At times I would engage my live well pump, which appeared as if I had forgotten to install the drain plug. This would initiate the "ignorant syndrome," and I was pretty much left alone from this point.
Another method was to have odd and inappropriate fishing gear on board. Fishing rods that didn't fit the bill and outrageous lures of dramatic colors and sizes sitting in rod holders for all to see. Some of my reels had their lines entangled into a mass of loops and festooned with knots that would cause the best of net makers to swear off the profession.
If the event was held at a landing, I displayed a posture of total oblivion when backing, emphasized more when launching and retrieving my boat. This pretty much assured that I had the entire landing to myself to come and go as I pleased and at my leisure.

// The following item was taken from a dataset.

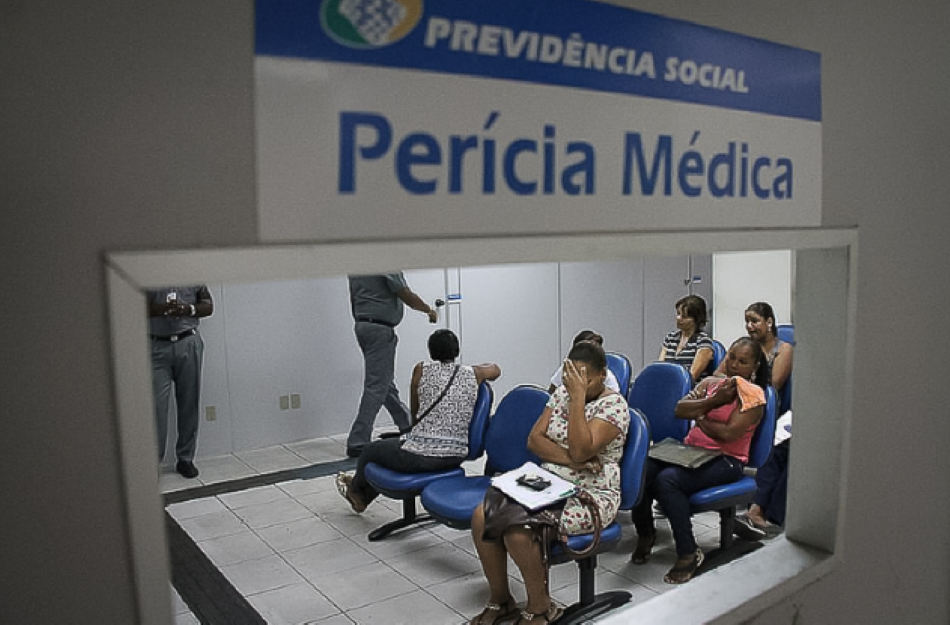 Fila de atendimento para perícia médica do INSS em busca de agilizar benefícios do BPC/LOAS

While many had sponsor and patch master logos of every description on their clothing and boats, I opted for the more obscure. My cap logo was a ruptured duck taken from past military days. Sewn on the back of my shirt was, "It ain't over till the bubbles disappear." Over the front pocket was Big Buddy's Bait and Tackle, and my boat's only logo was "SwampFox." But many failed to read the fine print which stated -- "The best chew in the South."
My attire sometimes may have offended and my attitude was often abrasive, but it was all part of the game. And I must admit I fared pretty well.
As competitors came to know me on the circuit and I graduated to larger and more sophisticated events, my tactics had to evolve as well. But I doubt anyone can honestly say they knew what to expect from me.
And quite frankly, at times, neither did I.